A molecular pathway for cancer cachexia-induced muscle atrophy revealed at single nucleus resolution [Bulk_RNAseq]

Cancer cachexia is a prevalent and often fatal wasting condition that cannot be fully reversed with nutritional interventions. Muscle atrophy is a central component of the syndrome, but the mechanisms whereby cancer leads to skeletal muscle atrophy are not well understood. We performed single nucleus multi-omics on skeletal muscles from a mouse model of cancer cachexia and profiled the molecular changes in cachexic muscle. Our results revealed the activation of a denervation-induced gene program that upregulates the transcription factor myogenin. Further studies showed that a myogenin-myostatin pathway promotes muscle atrophy in response to cancer cachexia. shRNA inhibition of myogenin or inhibition of myostatin through overexpression of its endogenous inhibitor follistatin prevented cancer cachexia-induced muscle atrophy in mice.
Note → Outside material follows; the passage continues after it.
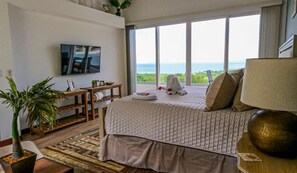 7 bedrooms, desk, iron/ironing board, travel cot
Our findings uncover a molecular basis of cancer cachexia-induced muscle atrophy and highlight potential therapeutic targets for this disorder. Overall design: Comparative gene expression profiling analysis of single nucleus RNA-seq data for three biological replicates of Gastrocnemius-plantaris (GP) muscles from control and a mouse model with cancer cachexia (KIC) at 66 days of age.